DATA IN THIS EXERCISE »
BEGIN

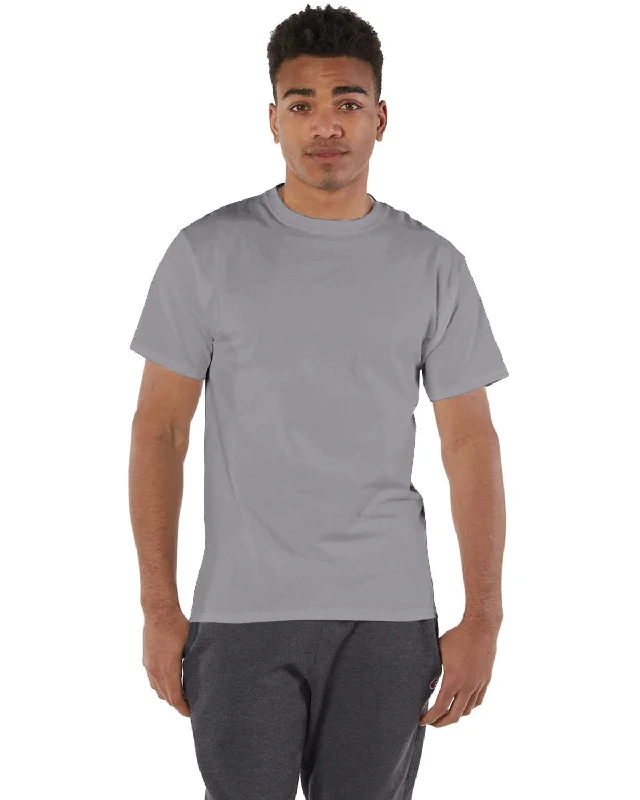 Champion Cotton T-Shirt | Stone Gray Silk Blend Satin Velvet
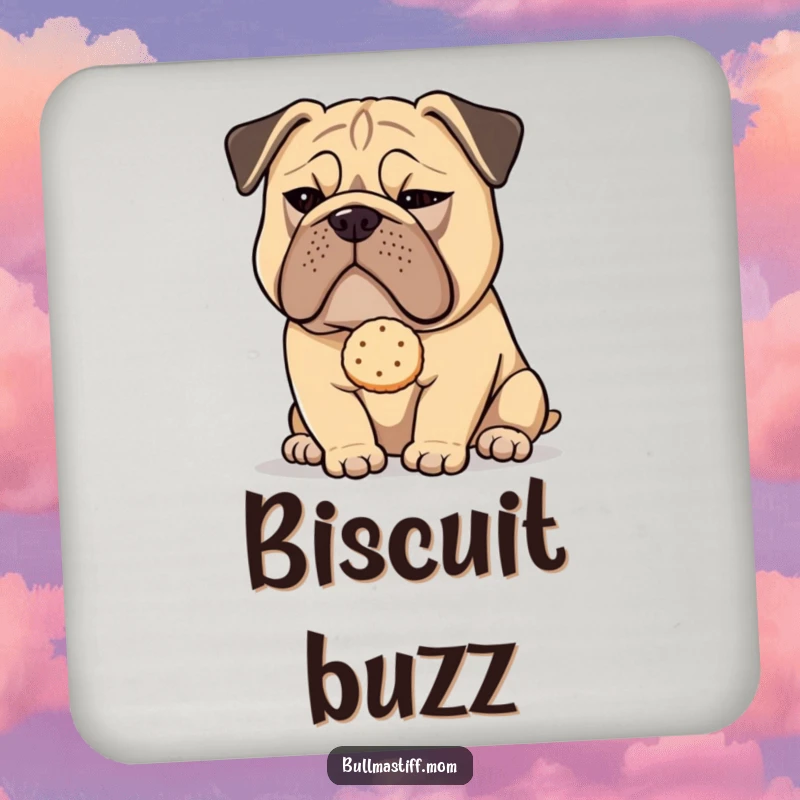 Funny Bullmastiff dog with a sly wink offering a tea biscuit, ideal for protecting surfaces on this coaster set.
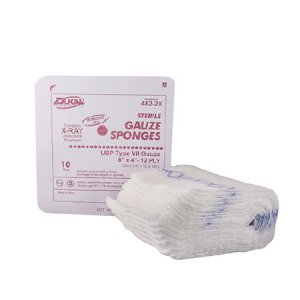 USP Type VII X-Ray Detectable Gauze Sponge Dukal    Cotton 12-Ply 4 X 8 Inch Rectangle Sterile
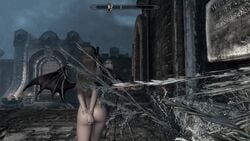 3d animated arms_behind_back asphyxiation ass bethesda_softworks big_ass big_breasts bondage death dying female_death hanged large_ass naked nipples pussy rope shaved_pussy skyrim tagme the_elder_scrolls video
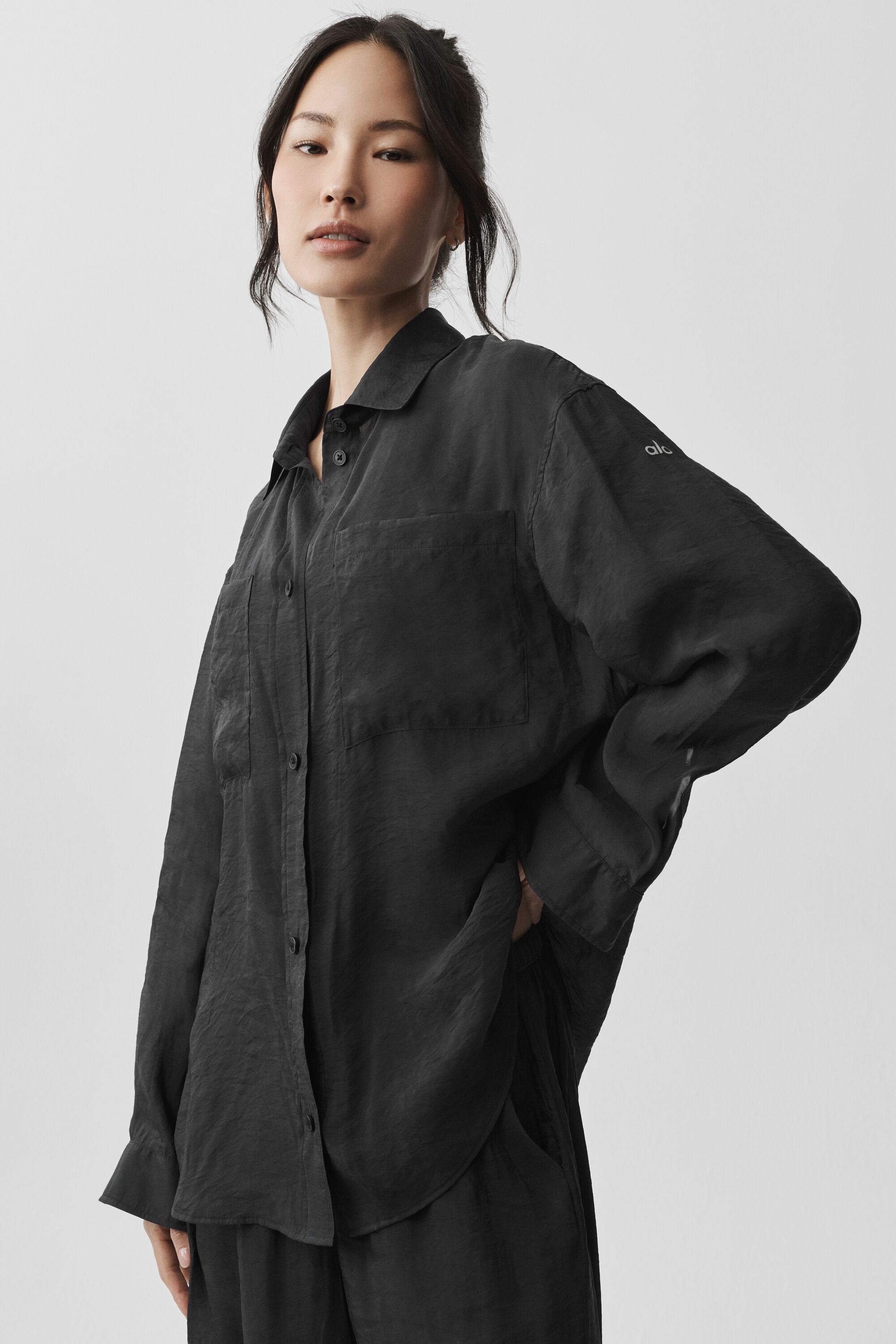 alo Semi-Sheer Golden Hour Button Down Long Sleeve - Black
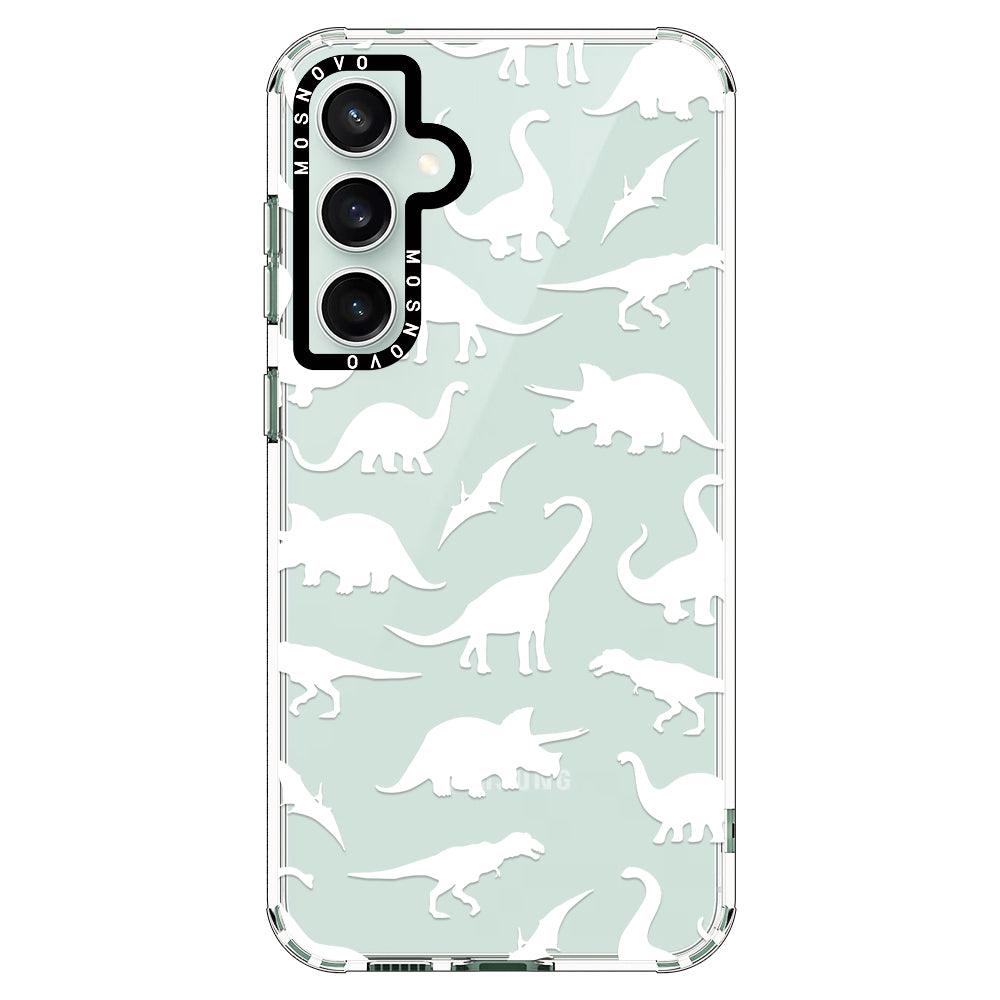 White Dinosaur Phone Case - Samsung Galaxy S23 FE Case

END

WHAT THE EXERCISE ASKS »
Although the records contain pictures, your copy should hold only the text, reproduced exactly.

PROBLEM SOLUTION »
 Champion Cotton T-Shirt | Stone Gray Silk Blend Satin Velvet
 Funny Bullmastiff dog with a sly wink offering a tea biscuit, ideal for protecting surfaces on this coaster set.
 USP Type VII X-Ray Detectable Gauze Sponge Dukal    Cotton 12-Ply 4 X 8 Inch Rectangle Sterile
 3d animated arms_behind_back asphyxiation ass bethesda_softworks big_ass big_breasts bondage death dying female_death hanged large_ass naked nipples pussy rope shaved_pussy skyrim tagme the_elder_scrolls video
 alo Semi-Sheer Golden Hour Button Down Long Sleeve - Black
 White Dinosaur Phone Case - Samsung Galaxy S23 FE Case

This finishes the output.